Il se pencha, examina avec un œil stupéfait le bouquet que je lui désignai, se releva avec une expression souveraine d’indignation :
« Ah les salauds !s’écria-t-il : ils ont fait des repeints ! »
L’année suivante, après une journée à Aix en compagnie de Cendrars, il m’emmena boire à la fin de l’après-midi le verre des adieux dans un petit bar du cours Mirabeau. Il ne pouvait m’accompagner jusqu’à la gare, où j’allais prendre le train, mais avait décidé de faire un bout de chemin avec moi.
« Vous avez vu, me dit-il, le patron de ce petit bar devant lequel nous venons de passer ? C’est Charlot, un vieil ami à moi. Ah si nous avions eu le temps, j’aurais aimé que vous bavardiez avec lui ! C’est un personnage étonnant. Il est bistrot, mais il a en même temps la passion de l’archéologie, des vieilles pierres, de l’histoire. Pendant l’occupation, c’est lui qui a organisé l’évasion des résistants de la prison d’Aix. »
« Quelle évasion ? » demandai-je.
« Oh ! tous les journaux en ont parlé. On a même décoré Charlot après la Libération . Il était peut-être le seul aixois à connaître l’existence du souterrain creusé au Moyen Age, un souterrain qui réunissait le Palais de Justice à la place où avaient lieu les exécutions capitales. Charlot a réussi de sa cellule à en trouver le tracé, à creuser au bon endroit pendant des nuits avec ses camarades, et finalement à y faire passer douze personnes avec lui, qui attendaient d’être fusillées par les Allemands. Une nuit, ils ont filé et les Allemands ne les ont jamais rattrapés. »

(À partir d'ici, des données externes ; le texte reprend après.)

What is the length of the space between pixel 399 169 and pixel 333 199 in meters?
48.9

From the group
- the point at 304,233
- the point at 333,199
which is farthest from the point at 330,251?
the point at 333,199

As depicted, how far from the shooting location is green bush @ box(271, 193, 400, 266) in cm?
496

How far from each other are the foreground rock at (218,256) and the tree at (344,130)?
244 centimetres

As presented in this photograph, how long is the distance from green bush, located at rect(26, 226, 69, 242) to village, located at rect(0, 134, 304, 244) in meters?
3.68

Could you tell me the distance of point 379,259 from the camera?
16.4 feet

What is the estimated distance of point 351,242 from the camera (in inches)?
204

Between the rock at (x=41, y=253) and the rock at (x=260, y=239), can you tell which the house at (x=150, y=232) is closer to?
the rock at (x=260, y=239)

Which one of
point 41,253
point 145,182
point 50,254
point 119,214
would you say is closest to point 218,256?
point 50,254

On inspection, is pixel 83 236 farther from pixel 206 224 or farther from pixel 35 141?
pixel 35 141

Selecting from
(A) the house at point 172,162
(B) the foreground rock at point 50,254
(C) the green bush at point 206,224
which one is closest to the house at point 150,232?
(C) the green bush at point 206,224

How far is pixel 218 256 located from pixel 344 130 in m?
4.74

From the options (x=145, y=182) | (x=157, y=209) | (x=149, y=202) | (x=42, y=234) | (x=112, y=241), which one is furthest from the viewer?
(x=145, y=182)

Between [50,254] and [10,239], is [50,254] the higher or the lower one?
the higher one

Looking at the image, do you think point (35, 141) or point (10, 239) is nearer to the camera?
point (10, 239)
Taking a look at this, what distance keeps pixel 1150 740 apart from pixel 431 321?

Je quittai Cendrars, arrivai à la gare, pour m’apercevoir que j’avais raté mon train. Schéhérazade ne donne pas la vertu d’exactitude à ceux qui l’écoutent. J’avais deux heures à tuer en attendant le prochain départ, et je décidai de retourner bavarder avec le nommé Charlot.
Il fut très aimable. Dommage : il n’avait jamais été en prison sous l’occupation. Il n’y avait malheureusement eu aucune évasion de la prison ni du Palais de Justice. Personne n’avait entendu parler du fameux souterrain qui réunissait la Conciergerie à la place des exécutions capitales.
Mais quoi ? Quel mal y avait-il là ? Cendrars avait été heureux deux heures. Je l’avais été avec lui..."

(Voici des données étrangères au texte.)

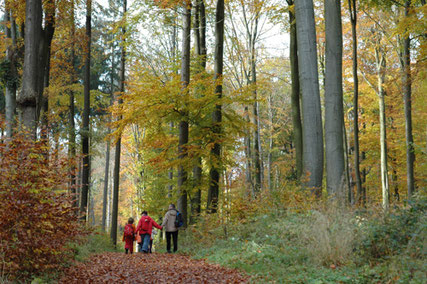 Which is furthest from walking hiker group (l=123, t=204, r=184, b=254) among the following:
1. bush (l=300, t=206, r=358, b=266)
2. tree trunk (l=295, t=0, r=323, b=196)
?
bush (l=300, t=206, r=358, b=266)

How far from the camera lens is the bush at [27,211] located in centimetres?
600

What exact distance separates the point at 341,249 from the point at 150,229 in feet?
31.1

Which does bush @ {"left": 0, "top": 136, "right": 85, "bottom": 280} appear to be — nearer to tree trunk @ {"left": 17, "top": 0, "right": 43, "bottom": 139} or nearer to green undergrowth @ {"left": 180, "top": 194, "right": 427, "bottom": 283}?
tree trunk @ {"left": 17, "top": 0, "right": 43, "bottom": 139}

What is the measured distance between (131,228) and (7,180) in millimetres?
9477

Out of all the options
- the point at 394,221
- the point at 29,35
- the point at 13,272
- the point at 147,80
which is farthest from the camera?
the point at 147,80

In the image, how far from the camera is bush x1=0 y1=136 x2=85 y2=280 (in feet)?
19.7

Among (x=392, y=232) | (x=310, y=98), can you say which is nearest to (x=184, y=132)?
(x=310, y=98)

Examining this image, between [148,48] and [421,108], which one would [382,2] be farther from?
[148,48]

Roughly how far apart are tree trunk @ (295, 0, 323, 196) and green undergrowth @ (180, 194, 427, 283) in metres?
1.98

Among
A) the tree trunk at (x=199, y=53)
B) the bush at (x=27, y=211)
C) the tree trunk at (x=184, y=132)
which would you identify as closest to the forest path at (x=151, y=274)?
the bush at (x=27, y=211)

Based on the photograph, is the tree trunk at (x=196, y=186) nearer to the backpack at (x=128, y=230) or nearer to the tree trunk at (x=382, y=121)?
the backpack at (x=128, y=230)

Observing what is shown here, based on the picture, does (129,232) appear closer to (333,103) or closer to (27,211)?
(333,103)

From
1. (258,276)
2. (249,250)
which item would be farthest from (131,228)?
(258,276)

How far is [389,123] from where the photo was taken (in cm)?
2755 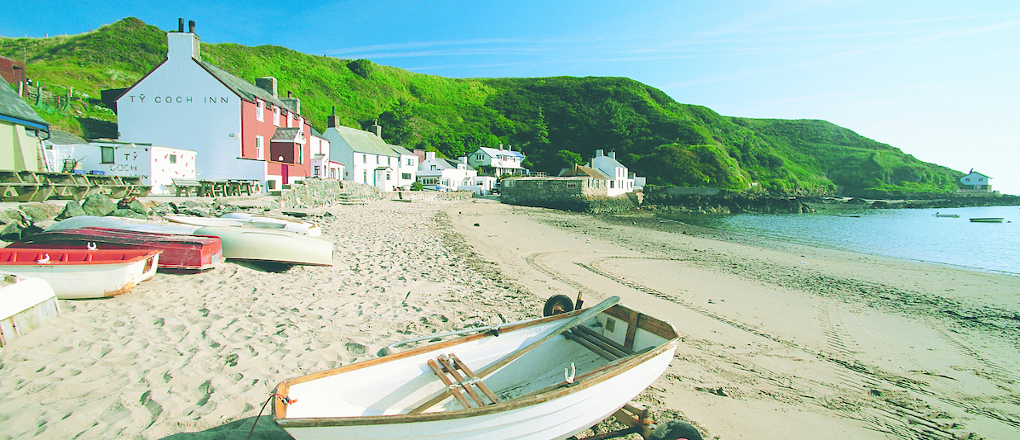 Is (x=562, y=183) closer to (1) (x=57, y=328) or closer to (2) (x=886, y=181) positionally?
(1) (x=57, y=328)

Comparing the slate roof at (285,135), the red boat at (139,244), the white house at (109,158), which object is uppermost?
the slate roof at (285,135)

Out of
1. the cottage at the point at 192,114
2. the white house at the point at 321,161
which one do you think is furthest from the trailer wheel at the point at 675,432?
the white house at the point at 321,161

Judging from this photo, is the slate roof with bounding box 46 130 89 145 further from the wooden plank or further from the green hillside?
the wooden plank

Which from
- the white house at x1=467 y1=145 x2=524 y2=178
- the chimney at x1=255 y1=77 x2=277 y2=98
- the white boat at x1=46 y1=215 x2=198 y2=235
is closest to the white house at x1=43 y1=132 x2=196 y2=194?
the white boat at x1=46 y1=215 x2=198 y2=235

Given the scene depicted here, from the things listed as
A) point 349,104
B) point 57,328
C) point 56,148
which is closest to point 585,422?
point 57,328

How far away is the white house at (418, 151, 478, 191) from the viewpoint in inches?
2317

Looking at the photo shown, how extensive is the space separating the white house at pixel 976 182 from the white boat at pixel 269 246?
559ft

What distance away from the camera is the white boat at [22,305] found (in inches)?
172

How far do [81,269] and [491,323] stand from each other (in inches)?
220

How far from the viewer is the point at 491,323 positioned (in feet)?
21.6

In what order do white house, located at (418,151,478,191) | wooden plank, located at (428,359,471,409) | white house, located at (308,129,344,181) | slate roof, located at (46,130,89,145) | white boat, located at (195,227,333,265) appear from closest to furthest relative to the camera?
wooden plank, located at (428,359,471,409) → white boat, located at (195,227,333,265) → slate roof, located at (46,130,89,145) → white house, located at (308,129,344,181) → white house, located at (418,151,478,191)

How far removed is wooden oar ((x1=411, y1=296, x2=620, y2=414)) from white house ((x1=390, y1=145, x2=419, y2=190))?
4841 cm

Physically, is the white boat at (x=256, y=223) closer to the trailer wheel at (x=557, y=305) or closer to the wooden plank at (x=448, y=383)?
the trailer wheel at (x=557, y=305)

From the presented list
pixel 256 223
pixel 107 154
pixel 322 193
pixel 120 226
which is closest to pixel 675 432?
pixel 120 226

Propos rapportés par Claude Roy in Somme toute, anatomie du mensonge. Paris Gallimard.1976. Page 215-217.
Photo de Robert Doisneau: Blaise Cendrars et les Gitans d'Aix-en-Provence.
Cette citation de Claude Roy a été retrouvée par Bona Mangangu, citée sur son blog (cf liens ci-contre).

Commentaires

  • Merci pour cette note. Blaise, c'est un grand souvenir, un souvenir d'adolescence lorsque je lus pour la première fois Moravagine. Quel choc ! La puissance de l'écriture alliée à la force des images. D'une rare densité et d'une richesse inouïe quant à la narration. Un grand écrivain. Certains l'avait baptisé : le Céline de gauche. Curieuse comparaison car, vraiment, les univers sont si différents et puis… mais bon… je préfère briser là, car le reste c'est une autre histoire qui frappe à la porte de l'Histoire.